Segment Start: INFORMATION PROVIDED
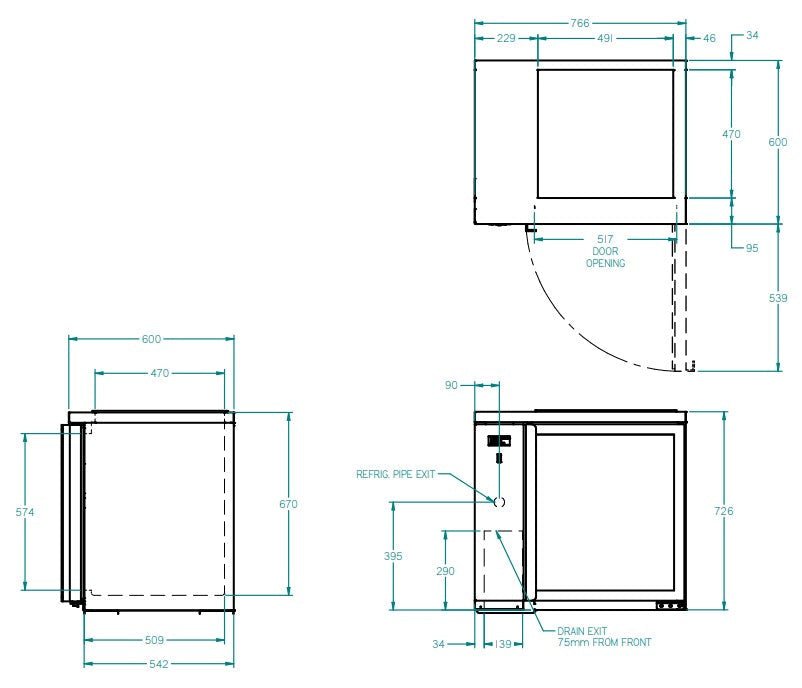 Williams One Door Remote Glass Chiller With Two Shelves - 500 x 500 baskets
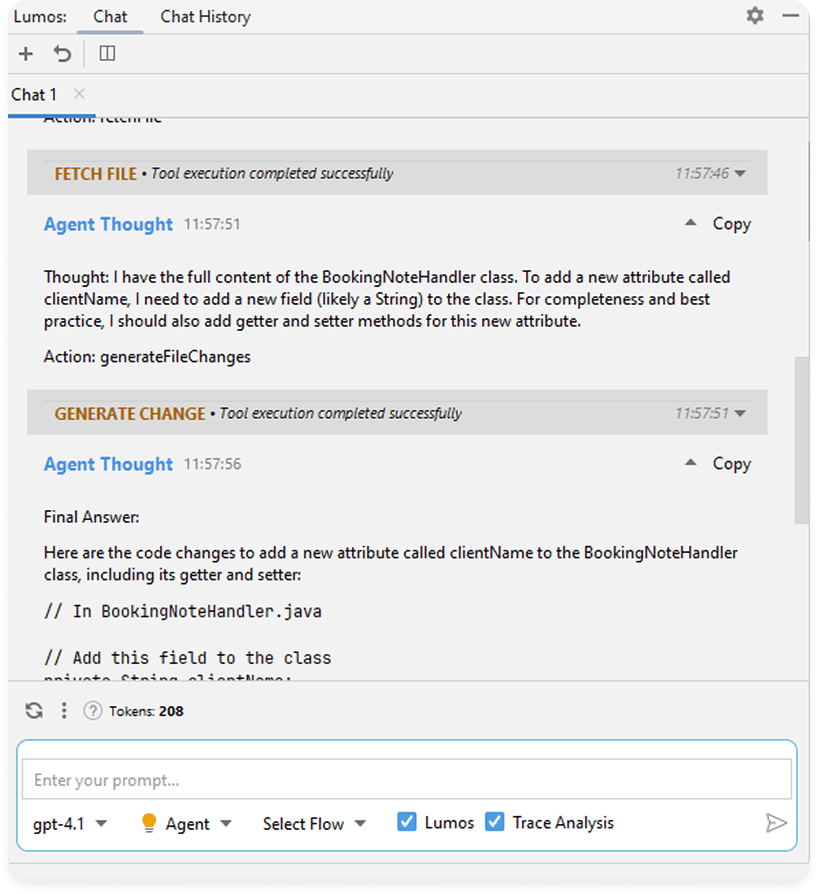 Lumos Plug-in for IntelliJ and WebStorm IDE showing agentic intelligence integration for code review and refactoring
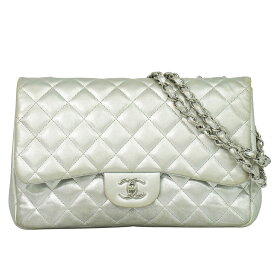 本物 シャネル CHANEL ココマーク マトラッセ シングルフラップ チェーン ショルダーバッグ ポシェット レザー シルバー バッグ 中古・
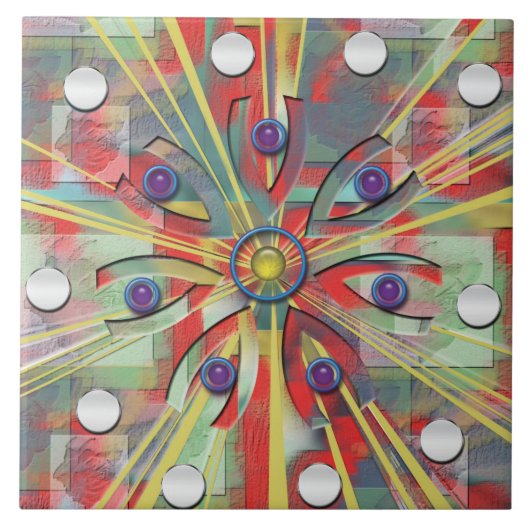 Abstracte Bloem Tegeltje (Voorkant)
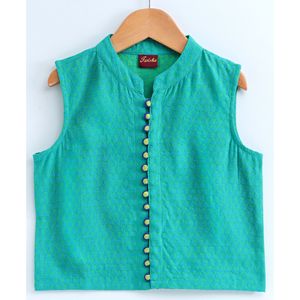 Ensemble Kurta-Pyjama élégant vert et turquoise pour garçons avec veste et manches longues - 6 à 9 ans - 100% polyester - Product Image 4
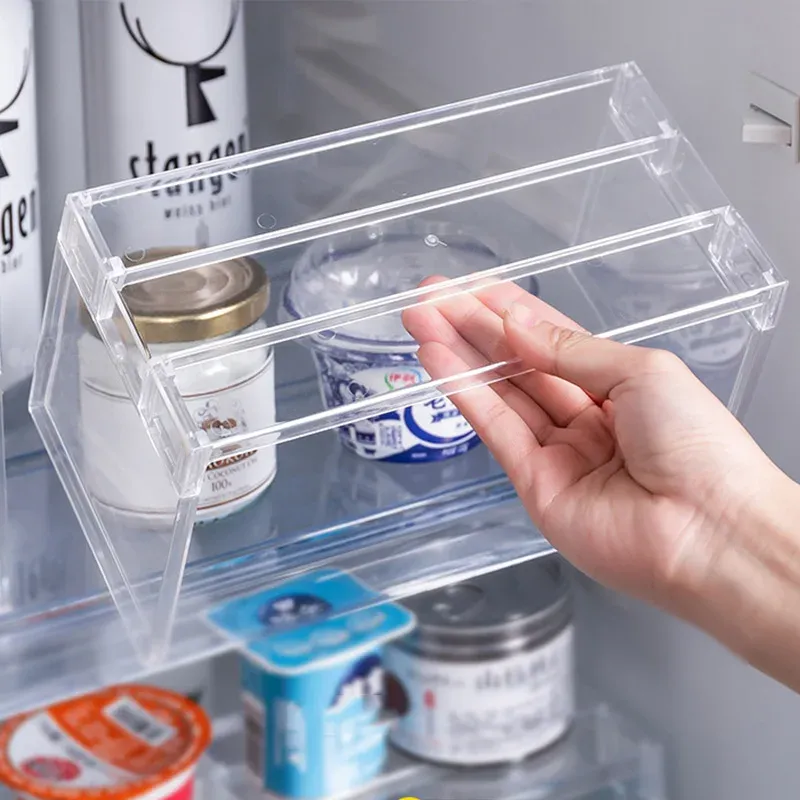 Organisateur de réfrigérateur, bac de rangement, étagères intercalaires superposables pour réfrigérateur, support de bureau transparent gain de place, accessoires de cuisine 2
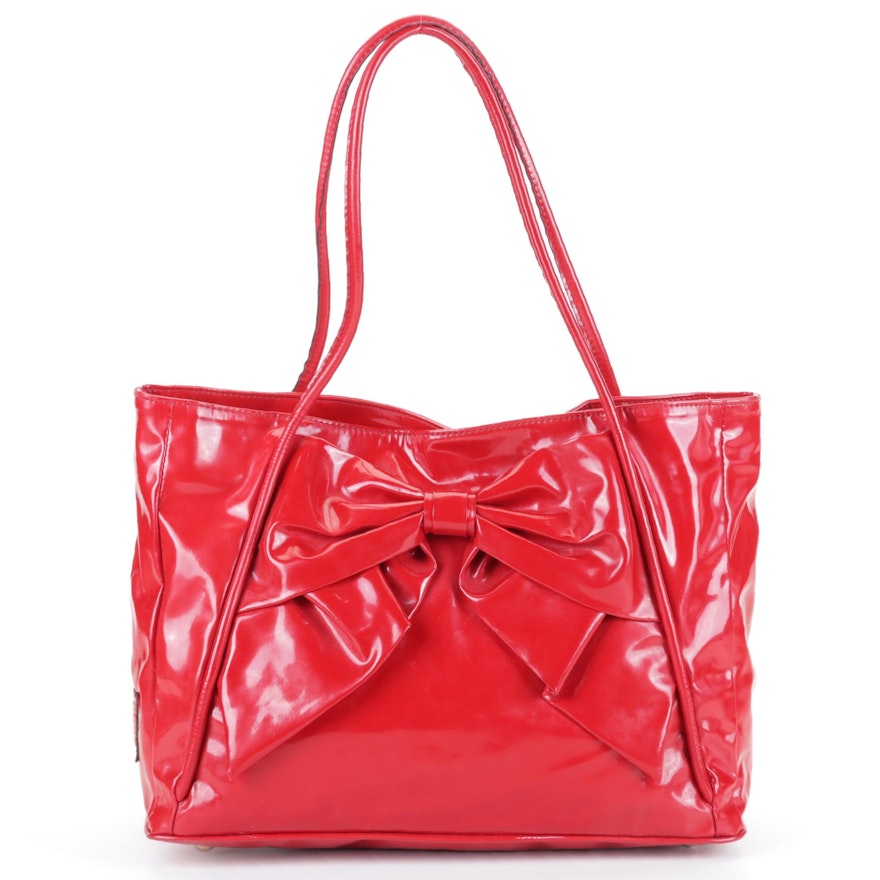 Valentino Garavani Red Patent Leather Shoulder Bag with Bow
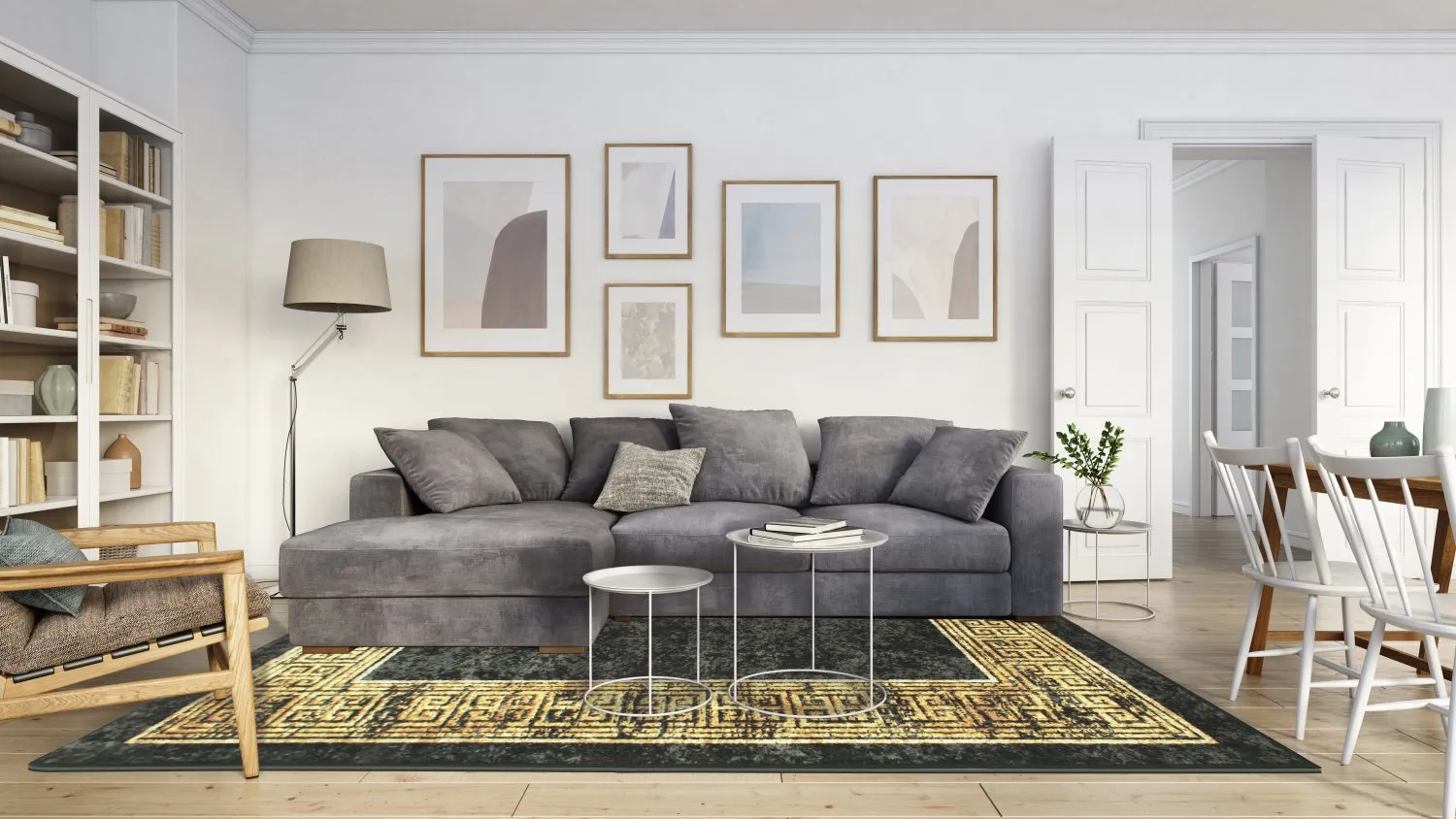 Wilton rug - Tilos (black/gold)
Segment End: INFORMATION PROVIDED
### WHAT YOU NEED TO DO
Where pictures appear, drop them, and reproduce exactly only the lines running from the beginning of the data to the line that contains "Abstracte Bloem Tegeltje (Voorkant)", inclusive.

### SOLUTION TO THIS TASK
 Williams One Door Remote Glass Chiller With Two Shelves - 500 x 500 baskets
 Lumos Plug-in for IntelliJ and WebStorm IDE showing agentic intelligence integration for code review and refactoring
 本物 シャネル CHANEL ココマーク マトラッセ シングルフラップ チェーン ショルダーバッグ ポシェット レザー シルバー バッグ 中古・
 Abstracte Bloem Tegeltje (Voorkant)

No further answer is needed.